## TRY IT
Everything from the line with "Women's Lace Criss" to the last line of the listing must be retyped exactly, both ends included, with the pictures dropped.

## SUPPLIED INFORMATION

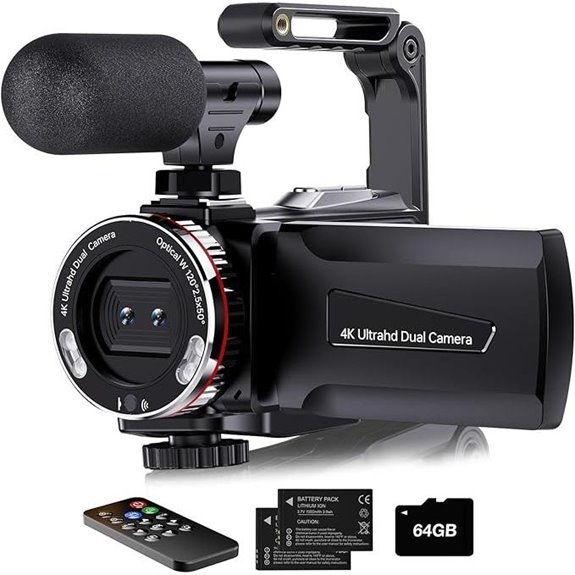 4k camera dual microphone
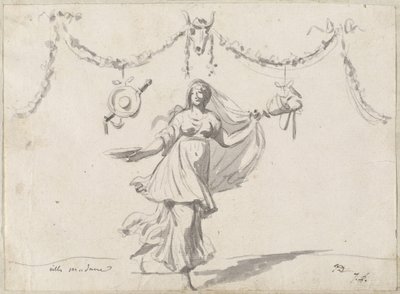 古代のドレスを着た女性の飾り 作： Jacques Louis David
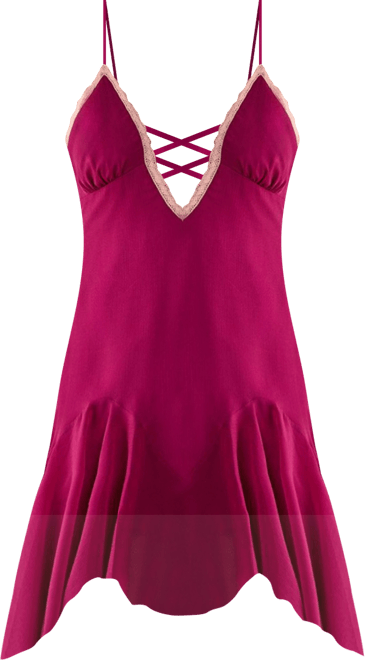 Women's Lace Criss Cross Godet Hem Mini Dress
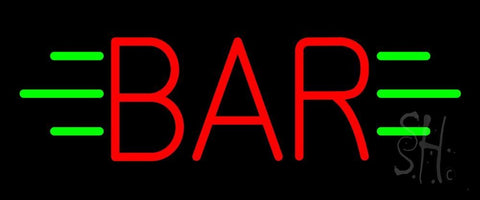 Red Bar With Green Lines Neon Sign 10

## SOLUTION TO THIS PROBLEM
 Women's Lace Criss Cross Godet Hem Mini Dress
 Red Bar With Green Lines Neon Sign 10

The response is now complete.